TASK:
Write out again, word for word, the lines below from the line that holds "Stuzzy Cane Adult" through the line that holds "Adult Natural Goat skin Slippers", omitting pictures.

Segment Start: INFORMATION SUPPLIED

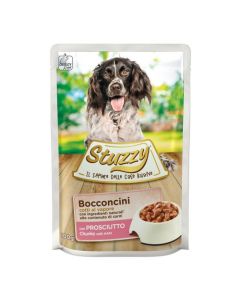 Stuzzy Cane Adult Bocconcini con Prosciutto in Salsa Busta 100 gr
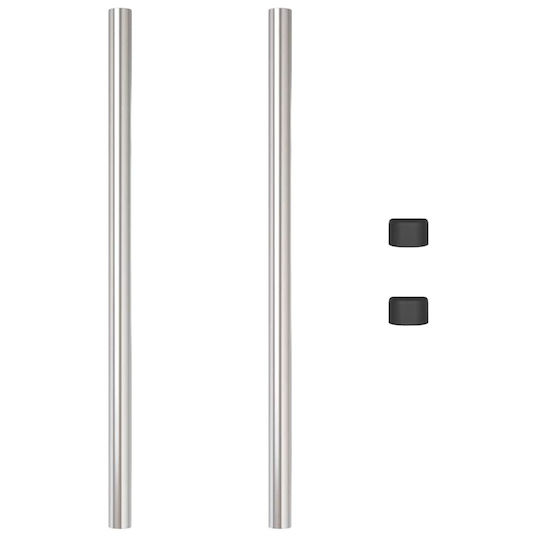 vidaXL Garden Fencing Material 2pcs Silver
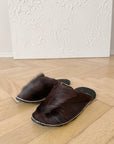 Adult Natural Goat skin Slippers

Segment End: INFORMATION SUPPLIED
Segment Start: INFORMATION SUPPLIED

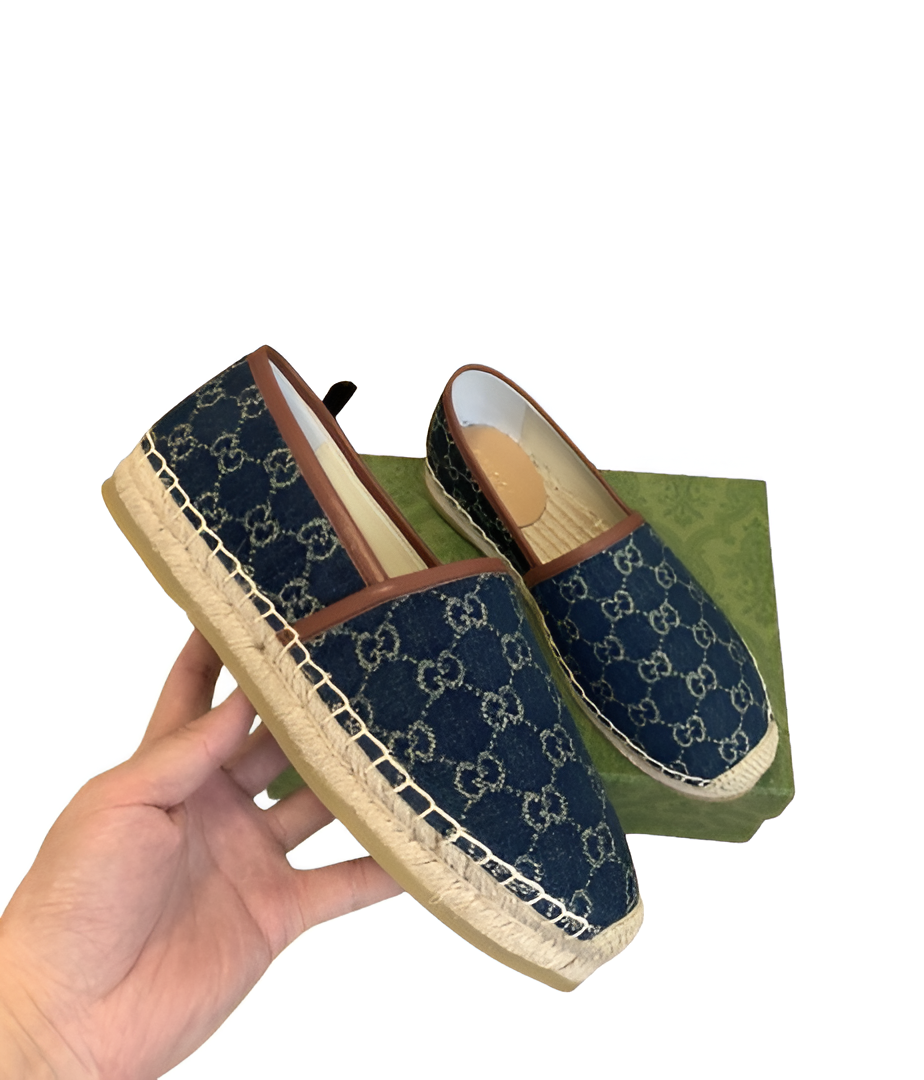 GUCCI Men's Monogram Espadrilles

Segment End: INFORMATION SUPPLIED
Segment Start: INFORMATION SUPPLIED

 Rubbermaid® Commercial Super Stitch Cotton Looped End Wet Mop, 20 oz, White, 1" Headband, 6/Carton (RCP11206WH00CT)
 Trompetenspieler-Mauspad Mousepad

Segment End: INFORMATION SUPPLIED

TASK SOLUTION:
 Stuzzy Cane Adult Bocconcini con Prosciutto in Salsa Busta 100 gr
 vidaXL Garden Fencing Material 2pcs Silver
 Adult Natural Goat skin Slippers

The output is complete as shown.